Witness statements: Firm exceeded word count

A law firm found to have constructively dismissed its head of family has now been ordered to pay her costs after an employment tribunal ruled some of its conduct of the proceedings unreasonable.

Hampshire and London firm Lawcomm Solicitors had already been ordered to pay Sarah Lightfoot-Webber almost £13,000 in damages [1].

Earlier this year, Judge Paula Volkmer found [2] that the firm tried to change her bonus scheme without notice and failed to promote her as agreed. She held that it not only constructively dismissed Ms Lightfoot-Webber, but fundamentally breached her contract too.

The solicitor then sought her costs of £3,700, raising multiple allegations of unreasonable conduct. The tribunal upheld four of them.

Judge Volkmer noted that Lawcomm held itself out as an employment law specialist, as did its managing director Bill Dhariwal.

“Against this background, it was unreasonable for the respondents to write to the claimant on 10 and 13 February 2022 in the terms that it did, seeking to put pressure on her to concede that she did not have sufficient length of service for an unfair dismissal claim.

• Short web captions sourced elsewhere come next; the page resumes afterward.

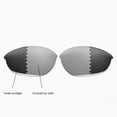 thumbnail image 1 of Cofery Transition Polarized Replacement Lenses for Oakley Half Jacket Sunglasses, 1 of 3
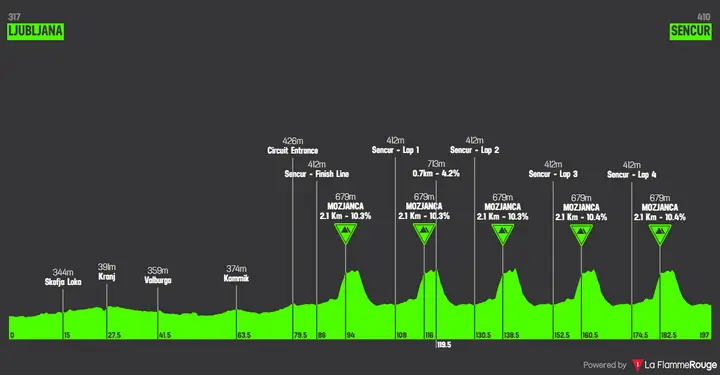 Profile of the men's elite road race European Championships 2026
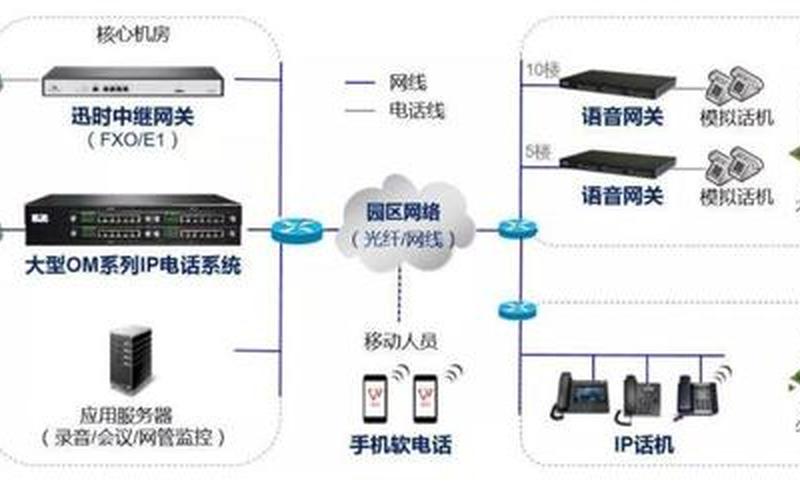 自动追呼系统( ***  *** 自动追呼系统)-第1张图片-铖浩科技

“This position was clearly unsustainable in circumstances, when the respondents’ position since the date of the grounds of resistance on 11 October 2022 had been that there had been a TUPE transfer of the claimant’s employment.”

Second, Lawcomm sent its witness statements to the tribunal on Friday 17 February 2023 without copying Ms Lightfoot-Webber, and then delayed until 16.39 on Monday 20 February, the day before the hearing, to send them to her.

Third, Lawcomm “significantly” exceeded the word limit for witness statements – the case management order had capped them at 5,000 words and it produced 7,000 – and finally the firm failed to comply with case management orders for the remedies hearing.

These findings did not mean the tribunal had to award costs, Judge Volker stressed, but here it would do, “in particular in relation to the witness evidence which caused significant difficulty and disruption to the claimant’s preparation for the hearing”.

She said: “If the claimant’s counsel had not been as diligent as he was in preparing cross-examination after close of normal business hours on the day before the liability hearing, despite having a young child at home, the hearing would likely have had to be adjourned.

“Witness statements within the correct word count were not received by the claimant until the afternoon of the first day of the hearing. This put significant pressure on the claimant’s representation in the circumstances.”

The judge awarded costs of £2,000 plus VAT.